More Preval supporters came to the roadblock, on a narrow street lined by cinderblock houses, and chanted: "We're not going to accept this. There will be no second round!"

One man screamed hysterically: "If they don't give us the final results, we're going to burn this country down."

With about 90 percent of the vote counted, Preval, who enjoys wide support from Haiti's poor, was leading with 48.7 percent of the vote, Haiti's electoral council said on its Web site. His nearest opponent was Leslie Manigat, another former president, who had 11.8 percent.

Demonstrators supporting Preval erected roadblocks in several parts of Port-au-Prince, including busy areas such as Delmas and Canape Vert, said Wimhurst, the U.N. spokesman.

"There's a lot of security alerts all over town. Our staffers are being told to stay home because they can't get to work," Wimhurst said.

Accusations of ballot mishandling and street protests erupted nearly a week after Haitians voted to restore democratic government to this impoverished Caribbean nation. Some demonstrators threatened violence if Preval isn't declared the winner, chanting: "No Preval, no peace!"

Two members of Haiti's electoral council on Sunday questioned vote counting procedures, while throngs of Preval supporters poured into the streets, chanting angry allegations of fraud.

Electoral council member Pierre Richard Duchemin said he was being denied his rightful access to information about the tabulation process and called for an investigation.

"According to me, there's a certain level of manipulation," Duchemin told The Associated Press, adding that "there is an effort to stop people from asking questions."

Preval supporters blew horns and pounded drums outside electoral council headquarters, denouncing Jacques Bernard, director-general of the nine-member electoral council, as a "thief."

"He doesn't know how to count!" they chanted, as they were blocked from the headquarters by police carrying rifles and shotguns.

Bernard has denied accusations that the council voided many votes for Preval.
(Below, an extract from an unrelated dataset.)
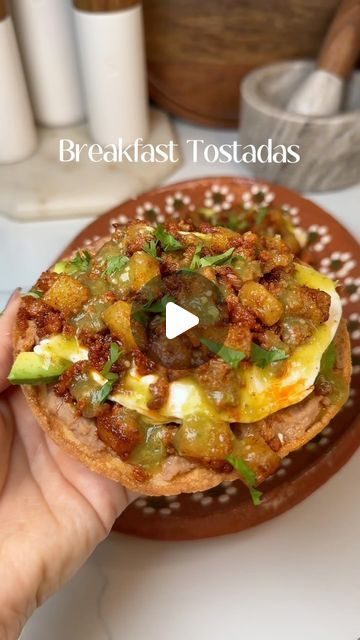 Maria Guzman on Instagram: "Breakfast Tostadas #breakfast #tostadas #huevos #huevosrancheros #desayuno #fyp #foryou #sahm #explore #explorepage" Tostadas Breakfast, Chorizo Tostadas, Egg Tostada, Mexican Breakfast Ideas, Breakfast Tostada, Breakfast Tostadas, Tostada Recipes, Short Recipes, Mexican Menu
Blue-helmeted U.N. peacekeepers deployed across the capital and blocked chanting Preval supporters from reaching the Montana Hotel, where the electoral council abruptly canceled a Sunday evening press conference.

Patrick Fequiere, who is also on the nine-member electoral council, said on local radio that Bernard was releasing results without notifying other council members, who did not know where Bernard was obtaining his information.

The elections will replace an interim government installed after former President Jean-Bertrand Aristide was ousted in a bloody rebellion two years ago.

The vote was seen as crucial to avoiding a political and economic meltdown in the Western Hemisphere's poorest nation where, following Aristide's ouster, gangs went on a kidnapping spree and many factories closed because of a lack of security and foreign investment.

Jean-Henoc Faroul, president of an electoral district with 400,000 voters northeast of the capital, accused the electoral commission of trying to force a runoff, saying ballot tally sheets from Preval strongholds have vanished.

"The electoral council is trying to do what it can to diminish the percentage of Preval so it goes to a second round," said Faroul, who openly supports Preval's candidacy.

Wimhurst said tally sheets with vote results have been found dumped in the garbage, but added that the sheets might have been mishandled by election workers and that this was not necessarily evidence of fraud.

He said 136 tally sheets containing the results of possibly thousands of votes had still not been processed at a voter tabulation site in Port-au-Prince. Others were being delivered piecemeal from districts, he said.

Doors were removed from the tabulation center to prevent electoral council lawyers huddling in private, Wimhurst said.

Of 2.2 million ballots cast, about 125,000 have been declared invalid because of irregularities, raising suspicion among Preval supporters that polling officials are trying to steal the election. Another 4 percent of the ballots were blank but were still added into the total, making it harder for Preval to obtain the 50 percent plus one vote needed.